I have problems with the construction of $2^{n-2}$ points that contain no n-gon, particulary, the proof of the book "Open Problems in Mathematics".
The proof sais that:
For $i = 0, ..., n-2$ let $T_i$ be a set of ${{n-2}\choose i}$ points in general position in the plane, containing no $i+2$-cap and no $n-i$-cup and having the property that no two points in the set are connected by a line having slope of absolute value greater than 1. (The existence of $T_i$ follows from a previous theorem, and the condition on slopes can be satisfied by “compressing” $T_i$ vertically.) Place a small copy of $T_i$ in a neighborhood of the point on the unit circle making an angle of $\frac{\pi}{4} - \frac{i\pi}{(n-2)2}$ with the positive x-axis.
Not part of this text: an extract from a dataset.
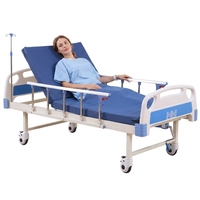 Lit médical manuel de haute qualité à 1 manivelle, multifonctionnel et réglable pour les soins à domicile des patients paralysés et des personnes âgées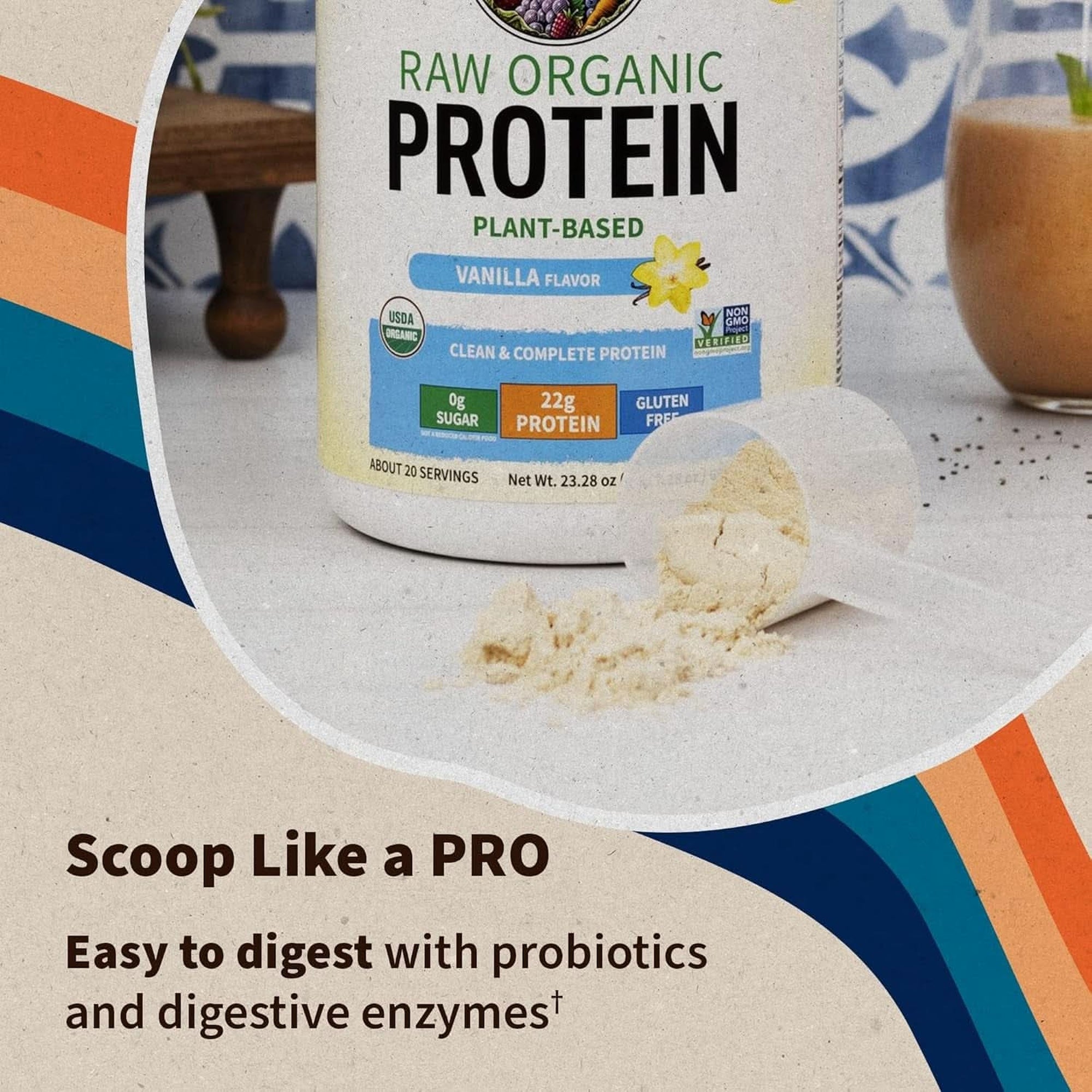 Raw Organic Protein Garden of Life Vanilla Powder, 20 Servings: Certified Vegan, Gluten Free, Organic, Non-Gmo, Plant Based Sugar Free Protein Shake with Probiotics & Enzymes, 4G Bcaas, 22G Protein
Let $X$ be the union of $T_1, T_2, ..., T_{n-2}$. Clearly, $|X| = 2^{n-2}$. Suppose that $Y$ is a convexly independent subset of $X$. Let $k$ and $l$ be the smallest and the largest values of $i$ so that $Y\cap T_i\neq \emptyset$. If $k=l$, then $Y$ contains no $k+2$-cap and no $n-k$-cup. The construction guarantees that:
- $Y \cap T_k$ is a cap of at most $k + 1$ points,
- $Y \cap T_l$ is a cup of at most $n + l- 1$ points,
- $|Y \cap T_i|\leq 1$ for all $i = k + 1, ..., l-1$
Summing up, $|Y| = (k + 1) + (l + k - 1) + (n -l - 1) = n-1$.
I understood all the reasoning except the part that say:
$|Y\cap T_i|\leq 1$ for all $k+1\leq i\leq l-1$.
Why in the middle sets the intersection with $Y$ have at least one element?